> PROBLEM STATEMENT
Every record below should be retyped exactly, and no picture should appear in the copy.

> EXERCISE DATA
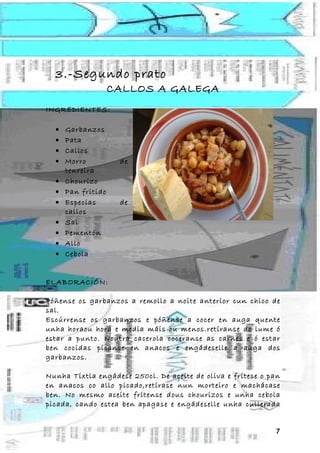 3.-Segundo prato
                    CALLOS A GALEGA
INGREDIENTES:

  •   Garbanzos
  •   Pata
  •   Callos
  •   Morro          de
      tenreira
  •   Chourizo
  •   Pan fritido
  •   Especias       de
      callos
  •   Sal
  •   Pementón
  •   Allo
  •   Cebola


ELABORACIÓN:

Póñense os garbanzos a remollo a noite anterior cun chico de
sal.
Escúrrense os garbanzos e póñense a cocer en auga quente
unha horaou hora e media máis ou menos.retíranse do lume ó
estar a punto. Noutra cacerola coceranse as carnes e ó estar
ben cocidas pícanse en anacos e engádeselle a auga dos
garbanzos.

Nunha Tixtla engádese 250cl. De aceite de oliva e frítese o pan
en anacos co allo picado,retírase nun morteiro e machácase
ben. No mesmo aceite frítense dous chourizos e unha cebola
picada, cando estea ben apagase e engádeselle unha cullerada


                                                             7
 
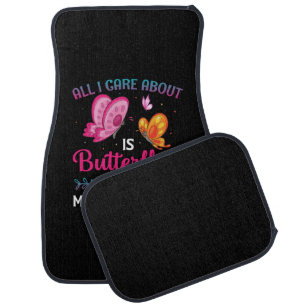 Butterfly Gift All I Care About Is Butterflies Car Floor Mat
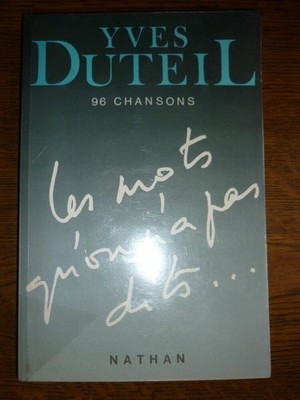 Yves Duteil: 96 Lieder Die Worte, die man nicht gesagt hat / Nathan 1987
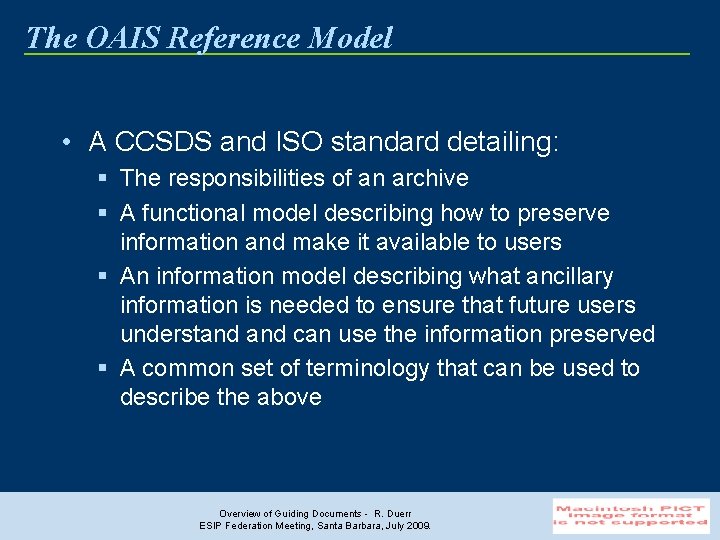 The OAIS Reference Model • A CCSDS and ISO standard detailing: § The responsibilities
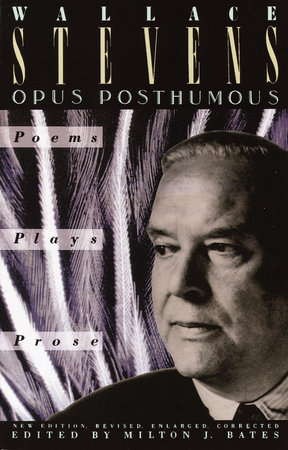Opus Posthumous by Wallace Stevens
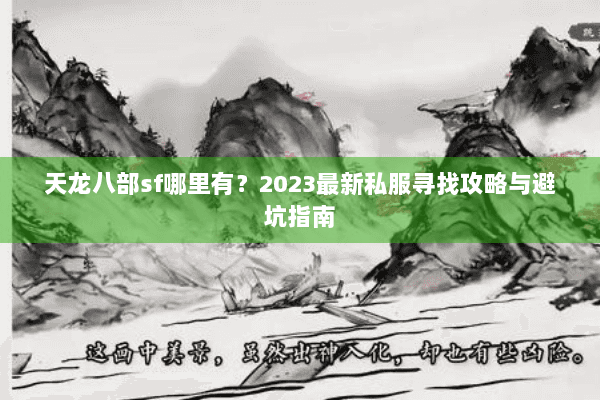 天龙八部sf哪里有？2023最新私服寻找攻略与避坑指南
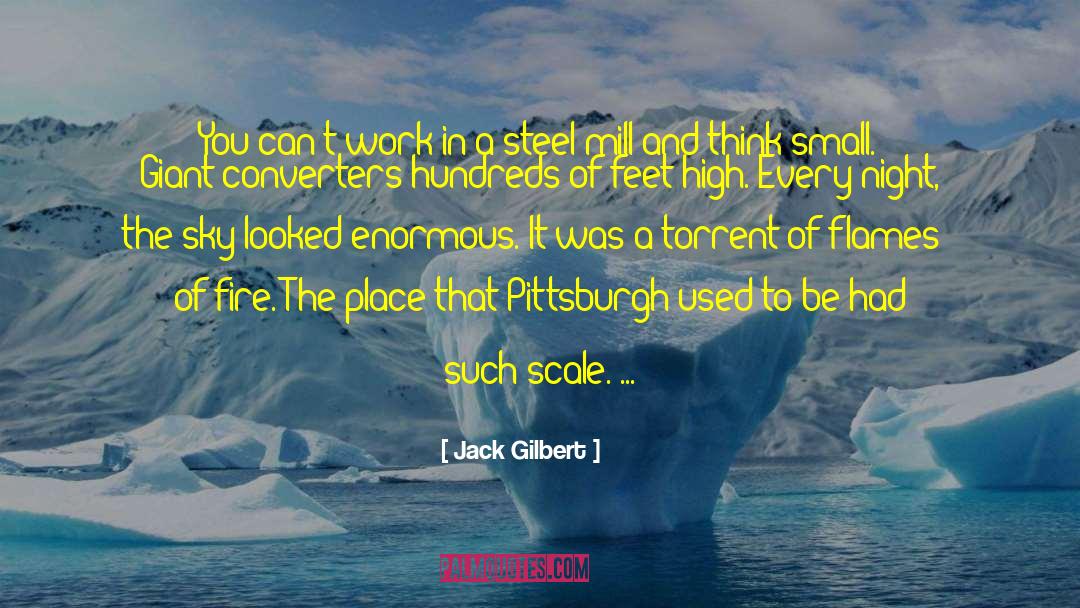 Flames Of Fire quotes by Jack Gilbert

> RESPONSE
 3.-Segundo prato
                    CALLOS A GALEGA
INGREDIENTES:

  •   Garbanzos
  •   Pata
  •   Callos
  •   Morro          de
      tenreira
  •   Chourizo
  •   Pan fritido
  •   Especias       de
      callos
  •   Sal
  •   Pementón
  •   Allo
  •   Cebola


ELABORACIÓN:

Póñense os garbanzos a remollo a noite anterior cun chico de
sal.
Escúrrense os garbanzos e póñense a cocer en auga quente
unha horaou hora e media máis ou menos.retíranse do lume ó
estar a punto. Noutra cacerola coceranse as carnes e ó estar
ben cocidas pícanse en anacos e engádeselle a auga dos
garbanzos.

Nunha Tixtla engádese 250cl. De aceite de oliva e frítese o pan
en anacos co allo picado,retírase nun morteiro e machácase
ben. No mesmo aceite frítense dous chourizos e unha cebola
picada, cando estea ben apagase e engádeselle unha cullerada


                                                             7
 
 Butterfly Gift All I Care About Is Butterflies Car Floor Mat
 Yves Duteil: 96 Lieder Die Worte, die man nicht gesagt hat / Nathan 1987
 The OAIS Reference Model • A CCSDS and ISO standard detailing: § The responsibilities
Opus Posthumous by Wallace Stevens
 天龙八部sf哪里有？2023最新私服寻找攻略与避坑指南
 Flames Of Fire quotes by Jack Gilbert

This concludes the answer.